日々雑記。第二、第四土曜更新を守っているつもり。コラムを書き散らしています。

・さよならの年お別れの月

2020年12月26日 | コラム
 誰かと会い、口を開けば「今年」のあとに「コロナ」が続く二〇二〇年もわずかとなり、来年に願いを込めた挨拶には心情がこもる。一二月の今頃に人と交わす挨拶は特別で、誰に逢っても後ろ髪を引かれるような寂しさとともに次の年への想像をゆるやかに膨らませる「良いお年をお迎えください」の定型文が暖かい。
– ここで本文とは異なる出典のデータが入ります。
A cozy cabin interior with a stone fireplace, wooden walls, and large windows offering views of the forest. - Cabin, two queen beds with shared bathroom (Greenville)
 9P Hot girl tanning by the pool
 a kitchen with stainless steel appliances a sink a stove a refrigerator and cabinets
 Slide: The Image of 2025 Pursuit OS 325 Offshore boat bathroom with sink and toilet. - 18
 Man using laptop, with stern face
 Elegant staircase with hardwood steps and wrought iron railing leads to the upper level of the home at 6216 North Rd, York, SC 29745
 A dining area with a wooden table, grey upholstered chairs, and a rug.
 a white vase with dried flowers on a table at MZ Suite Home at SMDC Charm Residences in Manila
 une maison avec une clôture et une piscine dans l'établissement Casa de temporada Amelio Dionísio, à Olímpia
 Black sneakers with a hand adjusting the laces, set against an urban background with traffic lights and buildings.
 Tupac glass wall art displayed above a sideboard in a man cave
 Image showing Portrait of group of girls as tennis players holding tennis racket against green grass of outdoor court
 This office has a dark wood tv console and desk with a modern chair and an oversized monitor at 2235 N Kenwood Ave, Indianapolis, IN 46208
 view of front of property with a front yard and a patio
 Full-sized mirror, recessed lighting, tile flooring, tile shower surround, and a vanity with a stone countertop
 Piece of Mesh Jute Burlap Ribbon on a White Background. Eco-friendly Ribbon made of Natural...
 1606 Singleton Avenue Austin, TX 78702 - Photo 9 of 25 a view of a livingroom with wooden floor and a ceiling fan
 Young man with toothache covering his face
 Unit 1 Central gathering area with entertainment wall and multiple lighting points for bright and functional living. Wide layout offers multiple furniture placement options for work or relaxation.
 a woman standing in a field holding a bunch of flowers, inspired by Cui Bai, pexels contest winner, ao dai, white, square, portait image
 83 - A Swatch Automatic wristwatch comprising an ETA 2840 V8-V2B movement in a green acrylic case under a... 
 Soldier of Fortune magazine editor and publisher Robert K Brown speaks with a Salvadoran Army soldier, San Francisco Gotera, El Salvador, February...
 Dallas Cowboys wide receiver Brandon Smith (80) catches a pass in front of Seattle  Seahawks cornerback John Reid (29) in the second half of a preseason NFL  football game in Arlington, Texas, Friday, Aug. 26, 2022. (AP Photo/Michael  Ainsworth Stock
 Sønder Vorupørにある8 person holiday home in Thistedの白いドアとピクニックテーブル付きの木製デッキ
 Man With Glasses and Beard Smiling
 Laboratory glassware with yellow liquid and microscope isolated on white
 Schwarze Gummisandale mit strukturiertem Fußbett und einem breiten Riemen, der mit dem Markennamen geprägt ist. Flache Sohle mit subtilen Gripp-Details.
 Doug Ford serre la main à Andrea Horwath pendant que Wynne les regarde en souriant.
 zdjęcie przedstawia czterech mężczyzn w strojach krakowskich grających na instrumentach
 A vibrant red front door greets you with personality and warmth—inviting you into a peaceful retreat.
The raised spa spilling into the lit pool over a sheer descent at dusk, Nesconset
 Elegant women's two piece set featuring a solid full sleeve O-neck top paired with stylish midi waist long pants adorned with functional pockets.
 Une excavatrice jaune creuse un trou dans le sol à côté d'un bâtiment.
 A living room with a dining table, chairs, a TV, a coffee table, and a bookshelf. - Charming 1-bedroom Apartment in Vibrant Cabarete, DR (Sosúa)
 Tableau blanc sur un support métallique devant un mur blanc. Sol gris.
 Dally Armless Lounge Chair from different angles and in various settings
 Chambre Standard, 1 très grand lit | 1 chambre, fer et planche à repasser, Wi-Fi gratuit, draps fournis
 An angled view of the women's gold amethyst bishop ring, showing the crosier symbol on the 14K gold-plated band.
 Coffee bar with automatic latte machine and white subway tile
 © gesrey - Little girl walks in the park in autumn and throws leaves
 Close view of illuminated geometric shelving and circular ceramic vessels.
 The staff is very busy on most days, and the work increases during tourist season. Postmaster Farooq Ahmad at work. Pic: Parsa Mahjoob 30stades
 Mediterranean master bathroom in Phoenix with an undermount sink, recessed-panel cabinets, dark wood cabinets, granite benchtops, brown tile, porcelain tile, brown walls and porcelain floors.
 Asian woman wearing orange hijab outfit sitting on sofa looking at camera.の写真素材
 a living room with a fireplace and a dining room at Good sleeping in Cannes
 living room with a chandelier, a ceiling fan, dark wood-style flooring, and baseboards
遠出は出来ないながらもささやかな顔なじみのあちこちに今年との別れを告げてようやっと一月一日を迎える心の支度が整う。
 それでも今年はお別れを告げる以上に、さよならを多く告げていた。緊急事態宣言を皮切りに六月一気に職場周辺の行きつけの店が無くなり、ひっそりと七月に京都の櫛屋「二十三や」は数百年の歴史に幕を引き、あちこちの商店街はシャッターを下ろして静かになった。お別れを告げる暇もなく、街は静かになり新しい店が次を狙い土地を買い集めている。ふと見かけた「地上げ」の文字が薄れる間もなく、今年四月までの普段に別れを告げて見たこともない来年へと向かう。
「潰れるべきところは潰れるんだよ」
 と、縁日の元締めはさらりと言った。
 その辺りをさらりと言えるほど、まだ人生で別れを経験していないのかもしれない。